O Eco, doce ninfa que, invisível,
Vives nas verdes margens do Meandro
E no vale coberto de violetas,
Onde ao luar o rouxinol te embala,
Com seu canto nostálgico e suave,
Dois jovens tu não viste, por acaso,
Bem semelhantes, Eco, ao teu Narciso?
Se, em alguma gruta os escondeste,
Dize-me, ó ninfa, onde essa gruta está
E, em recompensa, subirás ao céu.
E mais graça darás, ó bela ninfa,
A Celeste harmonia em seu conjunto!


Além disso, Milton imitou a história de Narciso na descrição, que põe na boca de Eva, acerca de sua impressão, ao ver-se, pela primeira vez, refletida na fonte:

Muitas vezes relembro aquele dia
Em que fui despertada a vez primeira
Do meu sono profundo. Sob as folhas
E as flores, muitas vezes meditei:
Quem eu era? Aonde ia? De onde vinha?
Não distante de mim, doce ruído
De água corrente vinha. De uma gruta
Saía a linfa e logo se espalhava
Em líquida planície, tão tranqüila
Que outro céu tranqüilo parecia.
Com o espírito incerto caminhei e fui
Na verde margem repousar do lago
E contemplar de perto as claras águas
Que eram, aos meus olhos, novo firmamento.
Ao debruçar-me sobre o lago, um vulto
Bem em frente de mim apareceu
Curvado para olhar-me.

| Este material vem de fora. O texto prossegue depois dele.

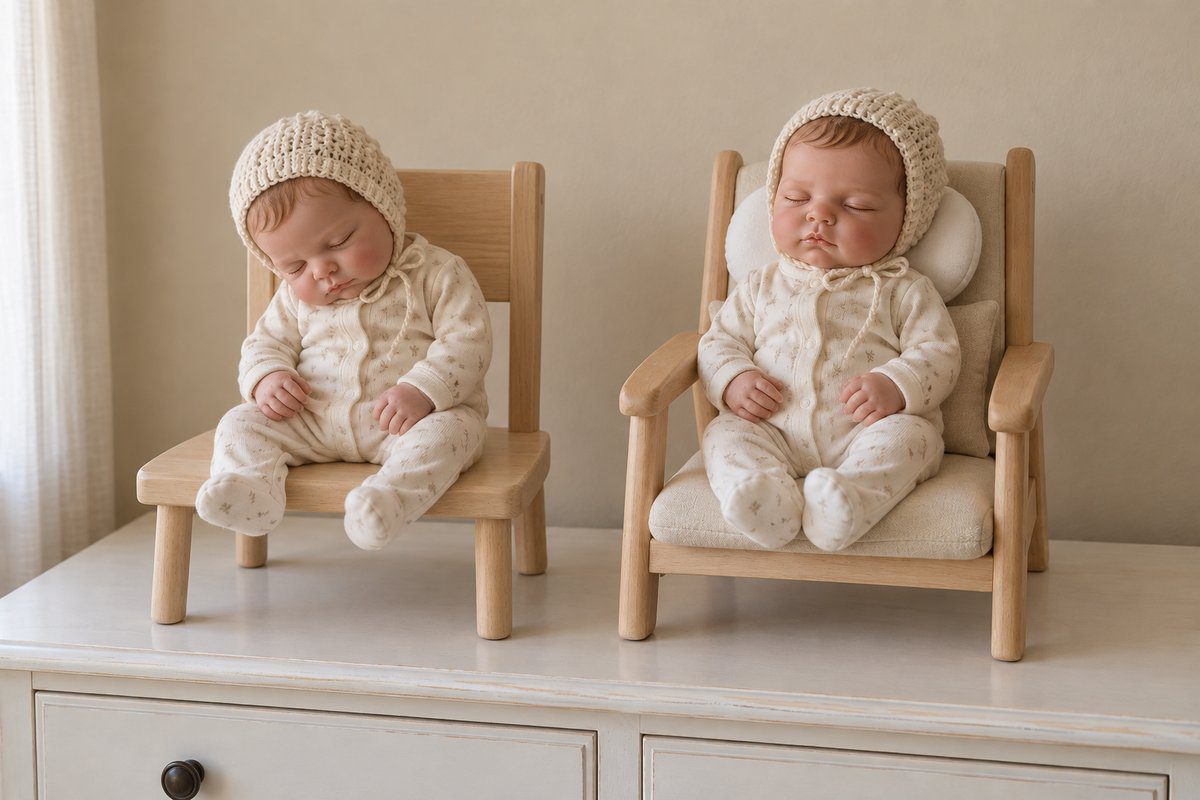 Deux poupées reborn comparées : une affaissée sur chaise droite, une bien calée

Recuei
E a imagem recuou, por sua vez.
Deleitada, porém, com o que avistara,
Novamente eu olhei.
Também a imagem
Dentro das águas para mim olhou,
Tão deleitada quanto eu, ao ver-me.
Fascinada, prendi na imagem os olhos
E, dominada por um vão desejo,
Mais tempo ficaria, se uma voz
Não se fizesse ouvir, advertindo-me:
"Es tu mesma que vês, linda criatur
a.

Nenhuma das lendas da antigüidade tem sido mais comentada que a de Narciso. Eis dois epigramas que a encaram sob dois aspectos diferentes. O primeiro é de Goldsmith:

A PROPÓSITO DE UM JOVEM QUE FICOU CEGO EM CONSEQÜÊNCIA DE UM RAIO

Não por ódio ou descuido a Providência
Isto te fez, mas por piedade e arte:
Se cego te tornou, como Cupido,
Da sorte de Narciso quis livrar-te.


O outro é de Cooper:

SOBRE UM MOÇO FEIO

Evita, amigo, evita debruçar-te
Sobre o cristal de um cristalino veio,
Senão, como Narciso, irás matar-te,
Não por te veres belo, mas tão feio.